Thursday, May 31, 2012

byte + byte = int… why?


Looking at this C# code...




byte x = 1;
byte y = 2;
byte z = x + y; // ERROR: Cannot implicitly convert type 'int' to 'byte'



The result of any math performed on byte (or short) types is implicitly cast back to an integer. The solution is to explicitly cast the result back to a byte, so...




byte z = (byte)(x + y); // works



What I am wondering is why? Is it architectural? Philosophical?



We have:



  • int + int = int

  • long + long = long

  • float + float = float

  • double + double = double



So why not:



  • byte + byte = byte

  • short + short = short ?



A bit of background:



I am performing a long list of calculations on "small numbers" (i.e. < 8) and storing the intermediate results in a large array. Using a byte array (instead of an int array) is faster (because of cache hits). But the extensive byte-casts spread through the code make it that much more unreadable.


Source: Tips4all

15 comments:

  1. The third line of your code snippet:

    byte z = x + y;


    actually means

    byte z = (int) x + (int) y;


    So, there is no + operation on bytes, bytes are first cast to integers and the result of addition of two integers is a (32-bit) integer.

    ReplyDelete
  2. I believe it's basically for the sake of performance. (In terms of "why it happens at all" it's because there aren't any operators defined by C# for arithmetic with byte, sbyte, short or ushort, just as others have said. This answer is about why those operators aren't defined.)

    Processors have native operations to do arithmetic with 32 bits very quickly. Doing the conversion back from the result to a byte automatically could be done, but would result in performance penalties in the case where you don't actually want that behaviour.

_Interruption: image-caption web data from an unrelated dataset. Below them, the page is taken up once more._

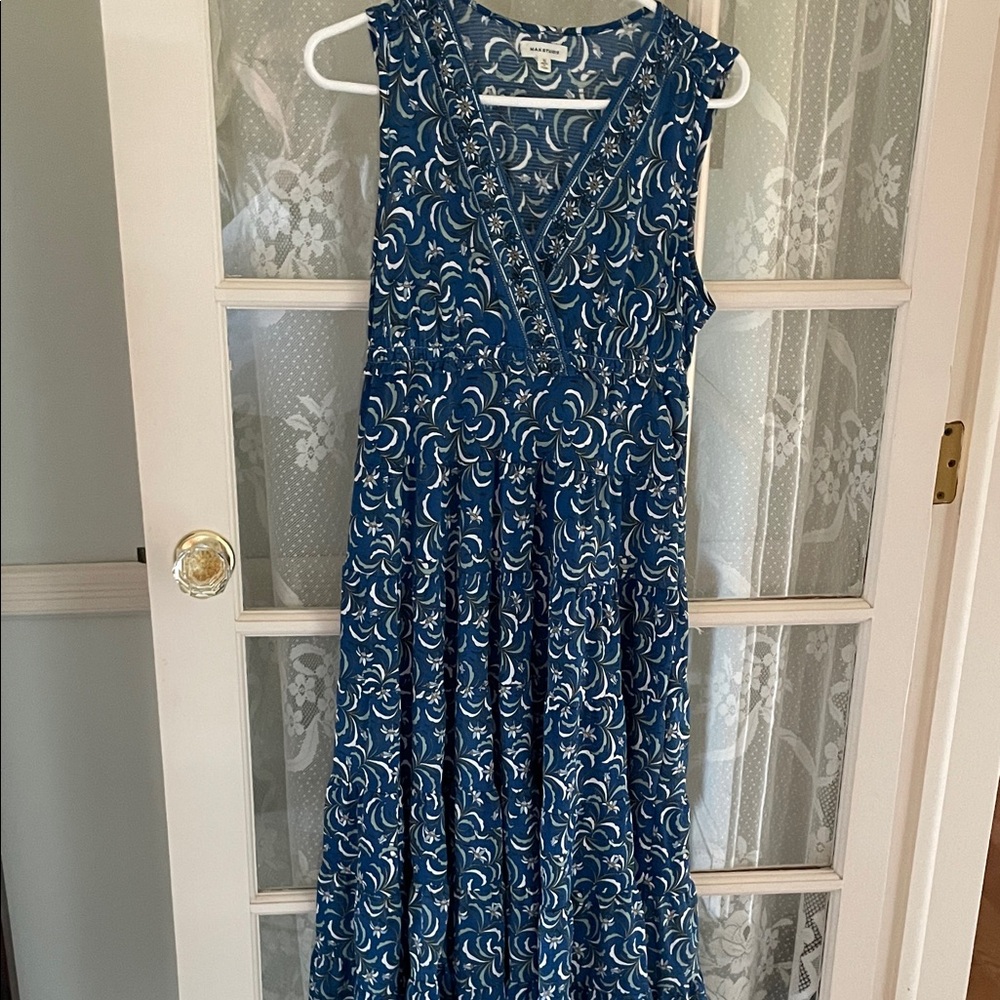 Max Studio Teal and White Patterned Summer Dress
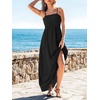 CUPSHE Women’s Summer Beach Vacation Dress Boho Smocked Maxi Sundress Casual Long Flowy Spaghetti Strap Dresses(Black)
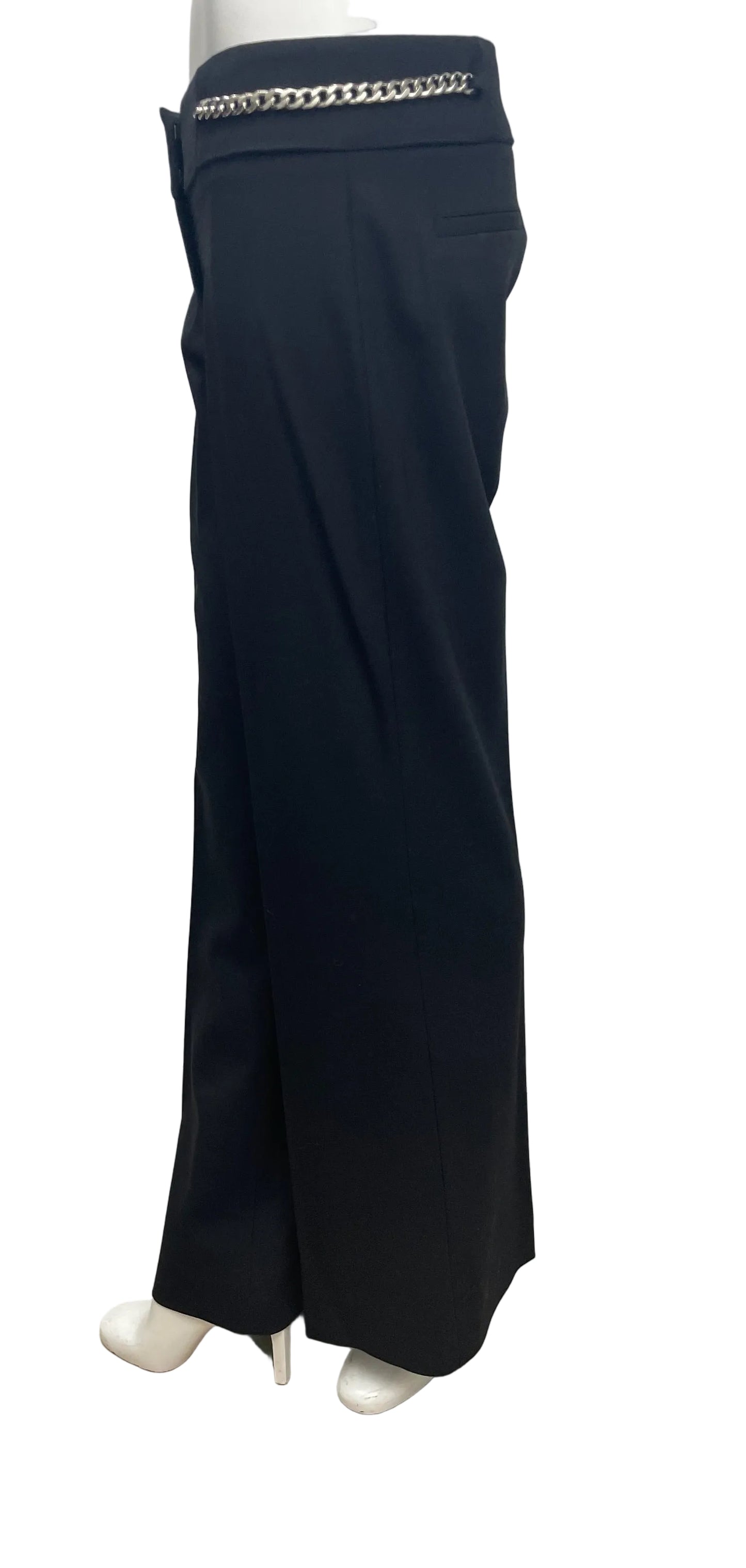 Michael Kors Collection black virgin wool trousers, size 6, with silver chain detail at the waist.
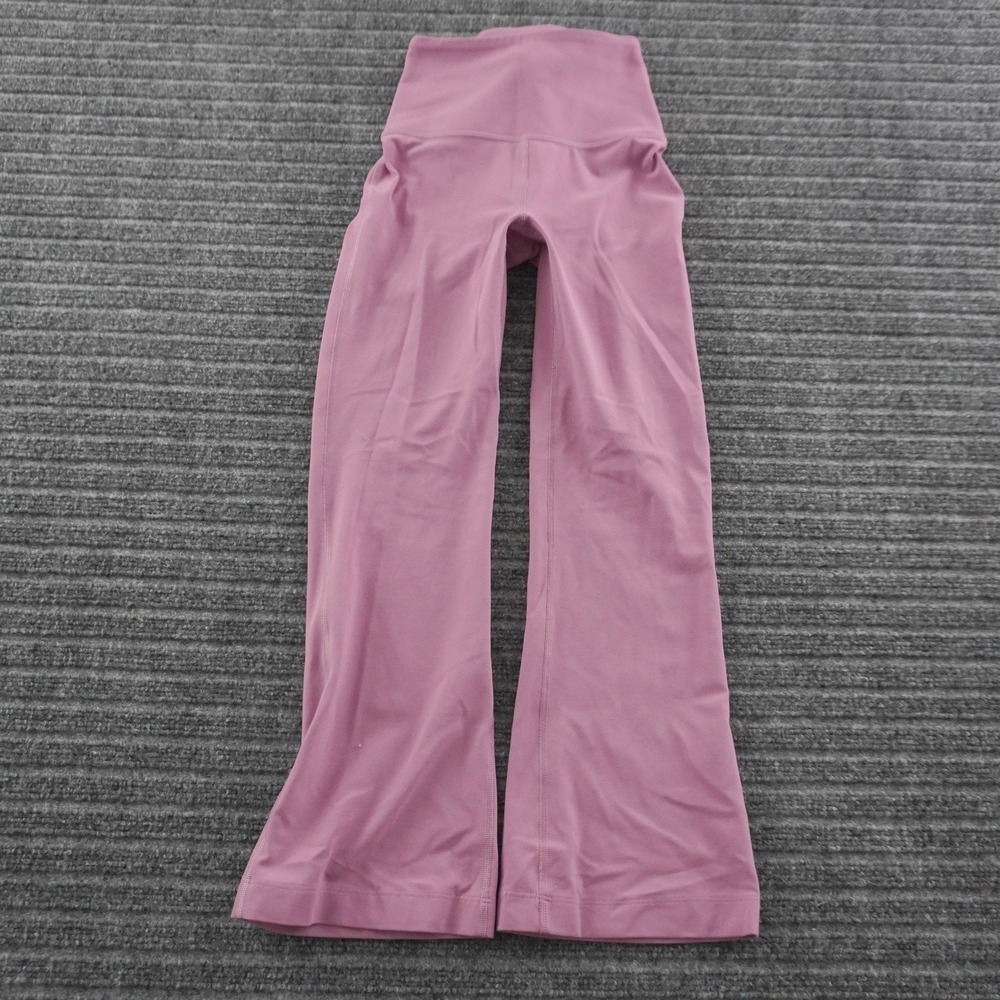 Lululemon Athletica Yoga Pants Womens 4 Pink High Rise Wide Leg Crop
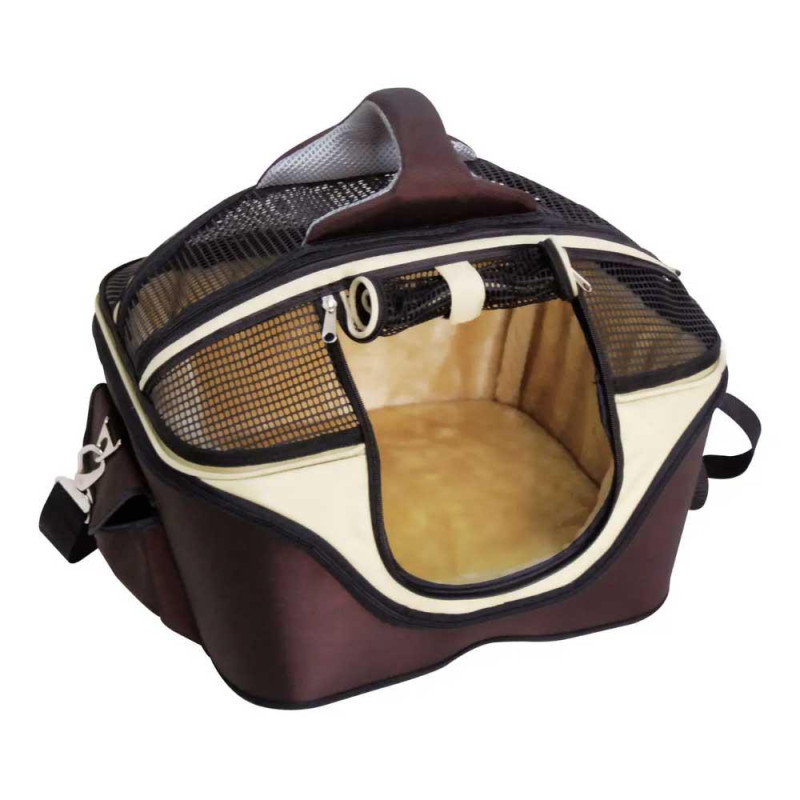 Сумка-лежак для тварини CROCI Fast &amp; Easy, зручно для виставок, коричневий / беж, 49x40x35 см, до 15 кг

    I think this is mentioned in one of the annotated C# standards. Looking...

    EDIT: Annoyingly, I've now looked through the annotated ECMA C# 2 spec, the annotated MS C# 3 spec and the annotation CLI spec, and none of them mention this as far as I can see. I'm sure I've seen the reason given above, but I'm blowed if I know where. Apologies, reference fans :(

    ReplyDelete
  3. I thought I had seen this somewhere before. From this article, The Old New Thing:


    Suppose we lived in a fantasy world
    where operations on 'byte' resulted in
    'byte'.


    byte b = 32;
    byte c = 240;
    int i = b + c; // what is i?



    In this fantasy world, the value of i
    would be 16! Why? Because the two
    operands to the + operator are both
    bytes, so the sum "b+c" is computed as
    a byte, which results in 16 due to
    integer overflow. (And, as I noted
    earlier, integer overflow is the new
    security attack vector.)


    EDIT: Raymond is defending, essentially, the approach C and C++ took originally. In the comments, he defends the fact that C# takes the same approach, on the grounds of language backward compatibility.

    ReplyDelete
  4. C#

    ECMA-334 states that addition is only defined as legal on int+int, uint+uint, long+long and ulong+ulong (ECMA-334 14.7.4). As such, these are the candidate operations to be considered with respect to 14.4.2. Because there are implicit casts from byte to int, uint, long and ulong, all the addition function members are applicable function members under 14.4.2.1. We have to find the best implicit cast by the rules in 14.4.2.3:

    Casting(C1) to int(T1) is better than casting(C2) to uint(T2) or ulong(T2) because:


    If T1 is int and T2 is uint, or ulong, C1 is the better conversion.


    Casting(C1) to int(T1) is better than casting(C2) to long(T2) because there is an implicit cast from int to long:


    If an implicit conversion from T1 to T2 exists, and no implicit conversion from T2 to T1 exists, C1 is the better conversion.


    Hence the int+int function is used, which returns an int.

    Which is all a very long way to say that it's buried very deep in the C# specification.

    CLI

    The CLI operates only on 6 types (int32, native int, int64, F, O, and &). (ECMA-335 partition 3 section 1.5)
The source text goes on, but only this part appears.